レッドオーシャンの教育事業に、コロナが直撃
ビジネスアイデアをもとに全体を設計し、初月から順調収益化へ
寺倉 大史
Director
背景
教育事業を展開している企業の受講生が、新型コロナウイルス流行が原因で激減。オンライン市場に振り切り展開し、業績を立て直すことはできたが、レッドウォーシャンで苦戦することも多く、次の展開を踏まえて新しい事業を立ち上げることが必要となった。
ターゲットのヒアリングからニーズを洗い出し、幾つものビジネス案を検討した結果、事業化できそうなオンライン展開のビジネスアイデアが明確になる。しかしながら、そのアイデアを適切に市場に届けられるか不安があった。

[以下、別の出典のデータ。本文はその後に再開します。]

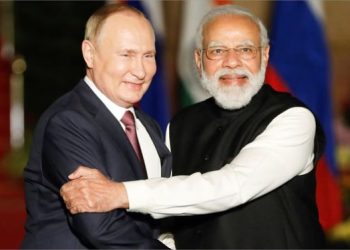 दोस्त पुतिन को PM मोदी से मिले कई उपहार, गीता के श्लोकों से लेकर चाय की मिठास; लिस्ट में और क्या?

また、コロナの影響もあり、短期で黒字化できる必要性があったため、早期黒字化を要件としながら新規ビジネスアイデアを形にするプロジェクトを、専門の外部パートナーを交えて立ち上げることとなった。
補足要件
- いくつか事業がすでにあり、クロスセルを含めて検討したい
- レッドウォーシャンで広告費が高騰しており、その枠組みとは別で勝負がしたい
- サービスローンチまでの計画は4〜5ヶ月間、それまでにアイデアを形にし、リリースまで展開したい
具体的なプロセス
STEP
1
レッドウォーシャンに攻めることにし、ポジショニングを明確化
短期黒字化を目指すためには、未知の市場を攻めず、需要がある市場にて差別化することでポジションを構築していくことが望ましいと判断し、アイデアをこれまでなかったサービスの見せ方に振り切らず、あえてレッドウォーシャンに被せることに。

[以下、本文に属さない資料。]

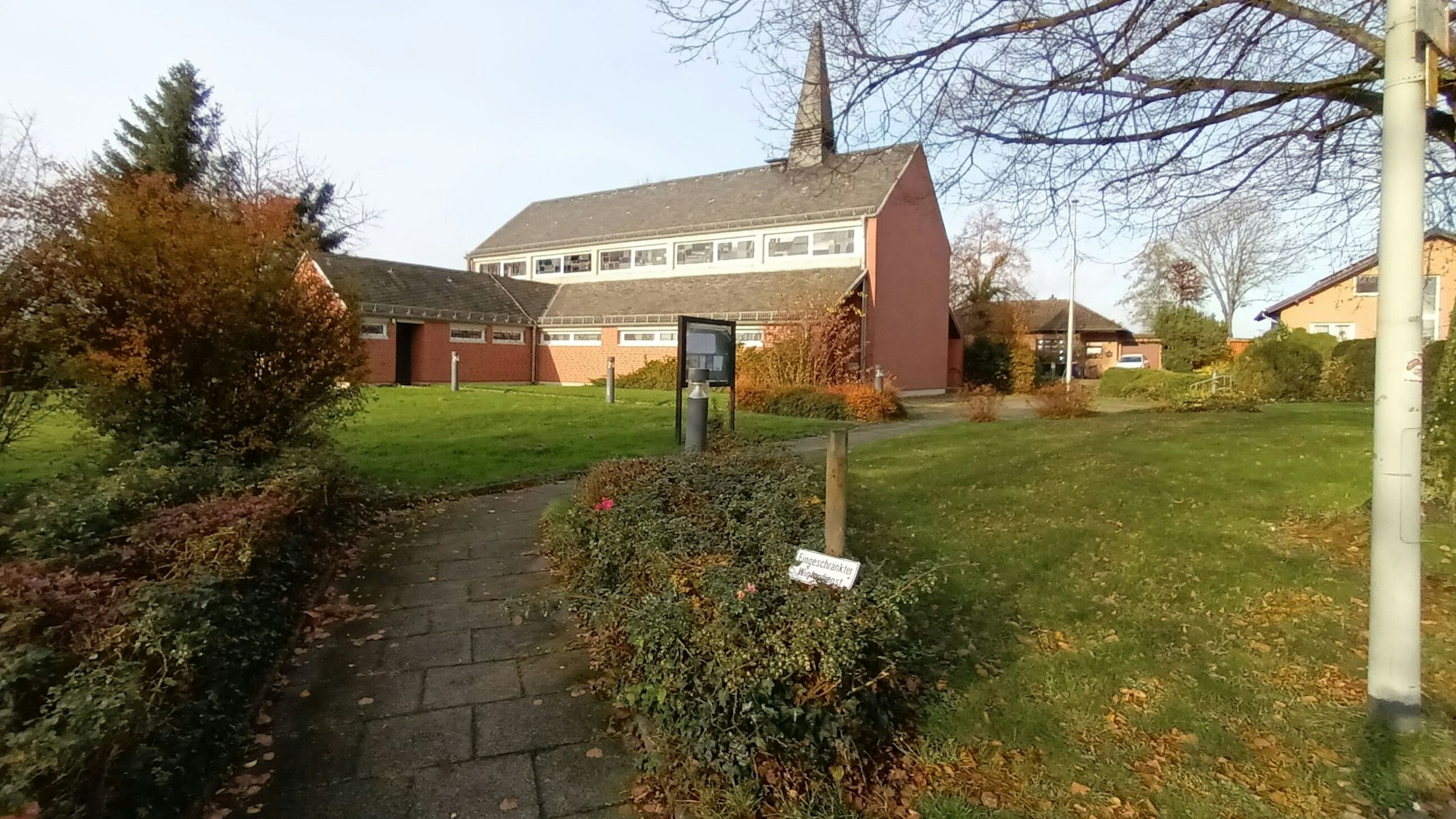 Ein kleines KIrchengebäude aus den 1970er Jahren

その上で、改めてサービスアイデアや企業の特性、また他の事業との連動性を整理。その後、ターゲット像にマッチする方々にヒアリング。
また主要な競合他社を分析し、STP(セグメンテーション、ターゲティング、ポジショニング)を確定。
サービスアイデアが提供できるニーズと、ターゲットが求めるニーズを何度もすり合わせ、サービスのコアとなる提供価値を定義。
STEP
2
カスタマージャーニーをベースにサービス内容や訴求、施策を可視化
STPをもとにして、再度ヒアリングを重ねながらターゲットの状態を可視化し、カスタマージャーニーマップを構築。
どういう態度があり、どういった刺激によって態度変容が生じ、購買するのか、またクロスセルするのかの一連の流れを可視化。態度ごとに訴求軸や刺激、また全体を通して打ち出すタグライン / コピー、試作内容などを定義する。
また、ターゲットニーズに対して当初アイデアから設計されたサービス内容の一部を改善。
さらにターゲットに当てはまる知人数名に体験してもらい、時間がかかる顧客の購買判断するために必要なエビデンス(実績)、体験からくるフィードバックをもとにサービスを改善を実施。
STEP
3
コミュニケーション施策の準備からサイト制作等を3ヶ月弱で進行
サービスリリースまでの期間がタイトだったため、ステップ1と2で設計してきた事柄をベースに制作プロダクション、編集者、ライター、カメラマンのパートナーをはじめ、社内・社外で広告やコンテンツ、プロモーション等のコミュニケーション施策やデータ計測基盤の構築などを急ピッチで進行。
また、購買理由の中で体験者のBefore &Afterがもっとも重要だったため、事前トライアルで作成した実績コンテンツをコミュニケーション施策やサイトの最後のピースとして当てはめ、リリース。
結果または成果
新規や既存会員、退会者も含め契約発生し、初月より順調収益化
事前体験者の実績コンテンツのシェアや各種プロモーション、または運用型広告等からの契約がしっかりと発生。また、既存会員のクロスセル、退会した過去の会員の掘り起こしにも成功し、リリース初月から収益化を実現する結果となった。
また、リリースから数ヶ月の計測データにて、既存サービスとのクロスセルも発生しはじめ、新規事業だけでなく、既存事業の売上向上にも貢献する傾向が見られた。